Successive spin-flop transitions of Neel-type antiferromagnet Li$_2$MnO$_3$ single crystal with honeycomb-lattice

TL;DR

This study investigates the magnetic phase transitions of Li$_2$MnO$_3$, revealing two successive spin-flop transitions under high magnetic fields perpendicular to the honeycomb lattice, explained by a mean-field model based on neutron diffraction data.

Contribution

The paper presents the first detailed magnetic phase diagram of Li$_2$MnO$_3$ and introduces a mean-field model explaining successive spin-flop transitions in this Neel-type antiferromagnet.

Findings

Two successive meta-magnetic transitions at ~9 T for fields perpendicular to the ab-plane.

Transitions are absent when the magnetic field is applied within the ab-plane.
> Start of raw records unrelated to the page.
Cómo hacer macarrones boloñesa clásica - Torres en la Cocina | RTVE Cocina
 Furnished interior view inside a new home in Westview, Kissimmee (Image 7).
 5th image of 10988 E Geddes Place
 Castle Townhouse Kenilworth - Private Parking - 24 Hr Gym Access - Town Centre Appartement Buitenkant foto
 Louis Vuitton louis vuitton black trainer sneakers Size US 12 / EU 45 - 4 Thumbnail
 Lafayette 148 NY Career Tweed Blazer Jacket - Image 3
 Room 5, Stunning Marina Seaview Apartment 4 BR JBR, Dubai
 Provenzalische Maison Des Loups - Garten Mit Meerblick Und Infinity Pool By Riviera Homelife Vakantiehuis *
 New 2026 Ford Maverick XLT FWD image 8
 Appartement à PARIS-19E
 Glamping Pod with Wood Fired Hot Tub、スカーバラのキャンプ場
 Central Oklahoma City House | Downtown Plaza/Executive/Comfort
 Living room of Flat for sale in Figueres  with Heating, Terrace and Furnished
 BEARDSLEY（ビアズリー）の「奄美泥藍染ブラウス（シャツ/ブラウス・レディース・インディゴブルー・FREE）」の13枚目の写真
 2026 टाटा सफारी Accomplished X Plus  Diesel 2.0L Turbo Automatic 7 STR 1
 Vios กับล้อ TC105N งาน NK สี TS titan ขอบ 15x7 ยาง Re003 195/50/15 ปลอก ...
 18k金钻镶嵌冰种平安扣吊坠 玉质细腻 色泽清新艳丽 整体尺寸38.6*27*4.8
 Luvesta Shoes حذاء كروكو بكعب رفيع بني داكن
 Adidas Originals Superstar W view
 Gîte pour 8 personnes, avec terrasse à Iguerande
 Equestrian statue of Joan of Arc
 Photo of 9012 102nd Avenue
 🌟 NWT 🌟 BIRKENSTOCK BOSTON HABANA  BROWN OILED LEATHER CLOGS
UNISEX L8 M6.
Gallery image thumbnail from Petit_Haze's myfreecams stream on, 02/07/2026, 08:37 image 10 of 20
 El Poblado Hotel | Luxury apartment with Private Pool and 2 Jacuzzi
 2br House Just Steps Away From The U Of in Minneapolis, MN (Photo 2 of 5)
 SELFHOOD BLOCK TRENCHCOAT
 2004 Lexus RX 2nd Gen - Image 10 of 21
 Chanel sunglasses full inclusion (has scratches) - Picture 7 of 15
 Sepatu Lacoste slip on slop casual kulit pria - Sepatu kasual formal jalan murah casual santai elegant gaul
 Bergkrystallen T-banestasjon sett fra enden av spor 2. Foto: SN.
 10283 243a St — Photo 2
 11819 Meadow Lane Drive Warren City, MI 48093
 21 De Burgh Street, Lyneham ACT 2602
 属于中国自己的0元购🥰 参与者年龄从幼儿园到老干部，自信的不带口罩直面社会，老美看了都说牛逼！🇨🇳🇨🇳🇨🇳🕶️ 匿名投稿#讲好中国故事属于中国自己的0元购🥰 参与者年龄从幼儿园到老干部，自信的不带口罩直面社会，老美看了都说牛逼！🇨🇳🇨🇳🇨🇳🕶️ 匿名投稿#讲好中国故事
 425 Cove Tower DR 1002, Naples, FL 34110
A mean-field model successfully explains the observed spin-flop phases.

Abstract

We have carried out high magnetic field studies of single-crystalline Li$_2$MnO$_3$, a honeycomb lattice antiferromagnet. Its magnetic phase diagram was mapped out using magnetization measurements at applied fields up to 35 T. Our results show that it undergoes two successive meta-magnetic transitions around 9 T fields applied perpendicular to the ab-plane (along the c*-axis). These phase transitions are completely absent in the magnetization measured with field applied along the ab-plane. In order to understand this magnetic phase diagram, we developed a mean-field model starting from the correct Neel-type magnetic structure, consistent with our single crystal neutron diffraction data at zero field. Our model calculations succeeded in explaining the two meta-magnetic transitions that arise when Li$_2$MnO$_3$ enters two different spin-flop phases from the zero field Neel phase.